Yesterday morning I was thrilled to find this cute Malibu gourmet shop selling the famed H&H Bagels of my previous New York life. They were stacked at the deli counter and I happily bought a bag of them to contribute to the house brunch I was heading to.
I asked an employee twice if they were fresh because I just couldn't believe my luck. The employee said, yes they are, they're made every morning (maybe they are shipped in par-baked?), and the day-old ones are sold as such by the other breakfast pastries. Well you can't just bring bagels to a house, so I picked up a brick of Philadelphia cream cheese and some salmon lox too.
Everyone at brunch was thrilled about the bagels, knowing of H&H, and someone reached into the bag and did something I should have: he felt one. It was hard. They all were. So I called the market and told them what happened. They unsympathetically insisted these bagels were made fresh that morning, and said after sitting on the counter for a few hours will get harder. I replied "I am from the land of bagels, and I've had bagels that were sitting out for most of a day and they weren't this hard." The cold person on the phone said she didn't know what else to tell me. Well!
At that point I looked at my cream cheese brick and noticed the $4.50 price tag, and also noticed the salmon cream cheese container that was made up for me was left half empty probably for the same price as being full.

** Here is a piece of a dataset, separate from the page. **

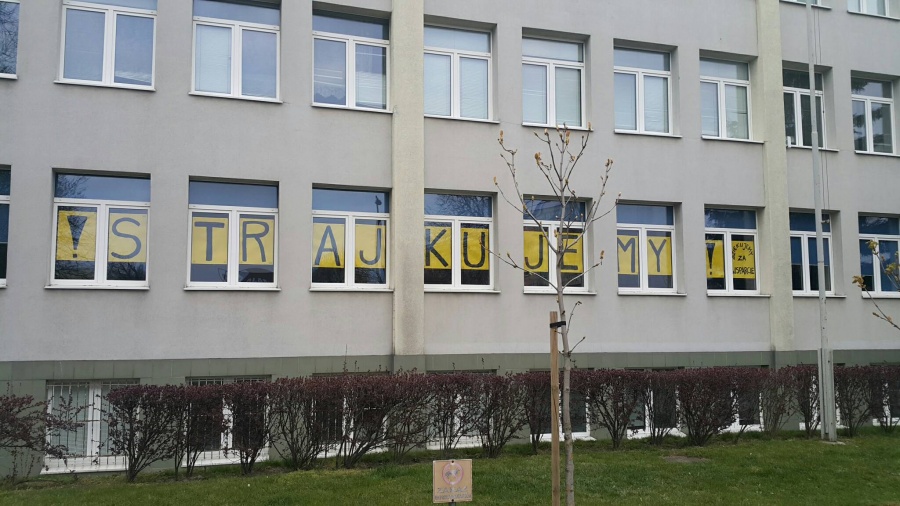 To kolejny dzień protestu. Listy strajkowe podpisało dziś 804 nauczycieli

What I'd like to know is, besides making the mistake of not paying enough attention at the market, am I crazy? A 2-hour old bagel will not be as hard as a day-old bagel, right? My friends and I decided to halve and toast them all for the heck of it, which produced a product similar to a thick wedge of melba toast. Hard to the teeth, and a big waste of money. Unless something about making bagels in LA makes them dry out faster. Anyone have any ideas?